Shard allocation decisions determine whether Elasticsearch can start a primary, place a replica, or move a shard during rebalancing. When a shard stays UNASSIGNED or refuses to move, the allocation explain API identifies the exact decider blocking progress so recovery work targets the real constraint instead of trial-and-error setting changes.

The /_cluster/allocation/explain API evaluates one shard against the current cluster state and returns whether Elasticsearch can allocate it, whether it may remain on its current node, and which deciders produced NO, THROTTLE, or YES results on each candidate node. It can explain an unassigned primary or replica, and with current_node it can also explain why an assigned shard stays where it is or whether it can rebalance elsewhere.

Current responses can be large on busy clusters, especially when include_yes_decisions or include_disk_info is enabled, so filter_path is useful for the first pass. On secured clusters, switch the endpoint to https:// and add authentication.
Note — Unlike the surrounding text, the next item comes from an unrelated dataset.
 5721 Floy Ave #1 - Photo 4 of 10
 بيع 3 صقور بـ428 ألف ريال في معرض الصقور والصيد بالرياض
A call with no request body explains an arbitrary unassigned shard and returns 400 when no unassigned shards exist, while allocation_delayed and throttled usually indicate operational wait states rather than a setting mismatch.

Steps to explain shard allocation decisions in Elasticsearch:

  1. List unassigned shards and capture the target index, shard number, and primary or replica role.
    $ curl -sS --fail "http://localhost:9200/_cat/shards?v=true&h=index,shard,prirep,state,node,unassigned.reason&s=state"
    index        shard prirep state      node unassigned.reason
    logs-2026.05 0     p      UNASSIGNED      INDEX_CREATED

    Replace http://localhost:9200 with the cluster endpoint. On secured clusters, use https:// plus authentication such as --user or an ApiKey header.

    The prirep column shows p for primaries and r for replicas. A yellow cluster with only replica rows unassigned often points to a capacity or single-node issue rather than lost primary data.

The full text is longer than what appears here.